And so I felt free to shake-off my typical prayer over a serious situation and felt clarity on how to let the words start coming out of my mouth instead of just keeping them in my heart and fluffing up what comes out of my mouth so it sounds better.

So, instead of a typical “Lord I pray your will would be done” and not really meaning that because I mean so much more, I started to speak freely and honestly. Like I said earlier, sometimes even though I expect ‘real talk’ from others, I’m not as quick to be honest with myself before God about what I think about things – I put on a private show of good-intentions and “what you’re supposed to say” before God (you know, all the “churchy” things like: it’s all in your hands, your will be done, God’s got this, you have the power to do anything, etc). I have so much to learn in my prayer life, but this was a defining moment in my last week. After listening to God nudge me to be honest with him, I got painfully honest. It was messy, but genuine.

“God, I want you to heal this baby. I do. I can’t lie about that, I can’t act like it’d be nice if you heal her but I understand if you don’t, I want to be clear here I’m pleading for you to heal her, and if you don’t – it might take me time to understand that, but I will love you and trust you but I’m not understanding of your ways always, and so I’m just being honest: I want her to live a long life. I want her mom and dad not to hurt. I want her to become best friends with her brother. I want our kids to grow up knowing each other. I know that if any set of my friends would proclaim her healing for the rest of their lives, it would and will be Melissa and Toby, so don’t you see why this would be completely plausible that you choose to heal her?

So my heart is totally raw here and I am feeling stupid saying some of this but I feel like this is what you’re asking for, so here it is.

And if you don’t heal her in the way that I’m expecting, I’m going to be sad. But really, I know you have loved me in dark places and so I know you will be there for the shadows of my inability to understand, and I pray that you would be felt fully in what dark days come ahead for my friends, because I know you will be there – for anyone that needs you in the low places, so while I want you to heal her, I’m going to accept whatever the outcome is because I’m actually being honest here – and you haven’t called me to fix everything and everyone and make everything better, or to proclaim that that’s the type of God you are, I know that our full healing and understanding are not on this earth, but you ask that I come before you and be honest, so I’m doing that in hopes that I might understand what it is to be still before you, and be moved in your presence – despite the outcome. And I feel like if I wasn’t honest and just said the things I’ve grown accustomed to saying then I would look back on regret, but I just want to make the record clear here: I’m petitioning you for something I’ve never asked for, and so this is me doing all I can do, because what more can I do than pray? And not with hopes that you’ll answer my prayer because it makes sense to me to – but that you would continue to lead me to be honest with you and rely on you when I know that life may not look like what I expect it to look like and cause me to see prayer as not just something additional to do when hoping to help someone, but as vital and truly the only thing I can do.
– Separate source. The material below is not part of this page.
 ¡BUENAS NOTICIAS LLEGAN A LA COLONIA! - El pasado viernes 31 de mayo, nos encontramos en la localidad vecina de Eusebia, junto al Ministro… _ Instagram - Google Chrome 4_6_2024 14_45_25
I know what all you can do – that’s where the ‘you have the power to do anything’ part of this prayer comes in. And I’ve said that before, but today I believe it -fully- in this moment, and so thank you for allowing me to believe that so that I can pray this. And I can only pray that whatever the result of all of this is, that you would not let me forget that you beckoned me to be honest with you and I am being honest – help me to remember that my honesty before you doesn’t bring me closer to “what I want” but brings me closer to an understanding of the access I have to you – the freedom to be honest with you, and the magnitude of that access. Help me not to take that for granted by missing opportunities to pray honestly to you. Help me not to keep a closed mouth and heart for fear of sadness, when you give me the freedom to come before you completely vulnerable.

so I’m going to be available to listen now, in hopes that you will shape my thoughts on life and healing, to understand  what it is to even ask for healing and how to accept that healing (as understood on earthly term) may not come. Amen”

I wish I could tell you I felt fireworks go off in my brain in celebration of such a moving prayer time, but that wouldn’t be honest. I felt tired and emotional and depleted of any more words. I did, however, feel peace. I felt the stillness. I knew what it was to not just have a bunch of noise buzzing around me or out of my mouth in place of genuinely talking to God about what I’m thinking. I felt, in that prayer, I had given God my best, which was in turn the most I could give my friends – the best I could give my friends, to honestly pray for their baby girl.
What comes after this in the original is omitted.